To study the influence of relationship length on ability to predict a partner’s preferences, 58 younger (M = 24.1 years) and 20 older (M = 68.7 years) couples made predictions in three domains that varied in daily importance. Researchers found longer relationship length correlated with lower prediction accuracy and greater overconfidence. One explanation of the findings has to do with the false assumption of familiarity in long-term relationships. Another is that for younger couples, their expectations of their partners are different.
Many older couples made a commitment to each other during a period in which the basis of marriage was different than the goals younger couples more typically embrace. For generations, marriage was primarily related to providing security, stability, and an environment to raise children. As women increasingly gained greater freedoms in the last century, along with expanded opportunities to pursue higher education and fulfilling careers, the basis of marriage gradually shifted to meeting each others’ needs for love and intimacy.
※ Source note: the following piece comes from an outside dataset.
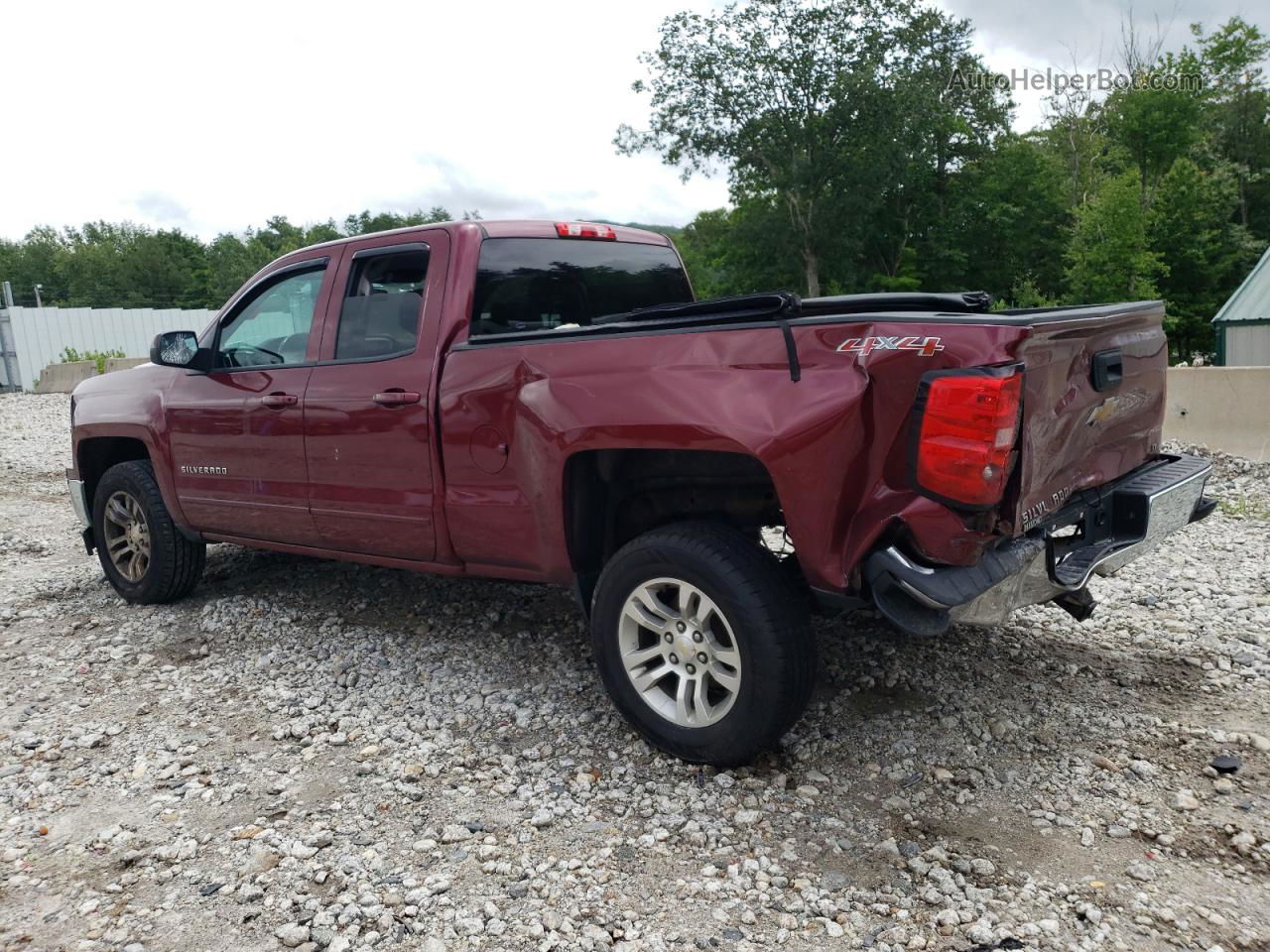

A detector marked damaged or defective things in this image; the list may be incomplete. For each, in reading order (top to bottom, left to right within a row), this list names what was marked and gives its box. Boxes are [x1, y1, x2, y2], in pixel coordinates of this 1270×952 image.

broken tail light housing [554, 222, 617, 239]
broken tail light housing [914, 368, 1021, 515]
Valerie Jarrett, Senior Advisor to the President and Chair of the White House Council on Women and Girls, says women today make up nearly 50 percent of the American workforce, and in almost two thirds of American families women are the primary or co-breadwinner.
Many men in particular, following the examples of their fathers and grandfathers, knew little about skills for confiding, listening with empathy, understanding emotions in themselves or others, or nurturing feelings of love based on a commitment to sustaining pleasure in their closest relationships. As such, their primary relationships often floundered, leading to escalating rates of marital and family breakdown and millions of children growing up in single-parent homes.
Today’s independent women are more likely to want to stay married to a best friend and confidant than remain in a relationship primarily valued for security and stability. Among other things, that means knowing each other’s preferences, being able to confide and be vulnerable, and actively supporting the fulfillment of both individual and shared wishes, hopes and dreams.
In recent years, these understandings have led researchers, behavioral health, education, and public policy makers to invest greater resources making evidence-based relationship and marriage education more widely available. As the impact of marriage and family breakdown, particularly on children, has become more widely understood, public and private collaborations have emerged to deliver research validated approaches to bolster couples in any stage of relationship.
Fortunately, many relationship and marriage education classes that deliver evidence-based skills for improving communication, deepening empathy, constructive conflict resolution, and emotional understanding are making a difference. Studies have shown that couples who spend as little as nine hours in research-validated programs dramatically improve marital satisfaction and resiliency, including how well they know themselves and each other.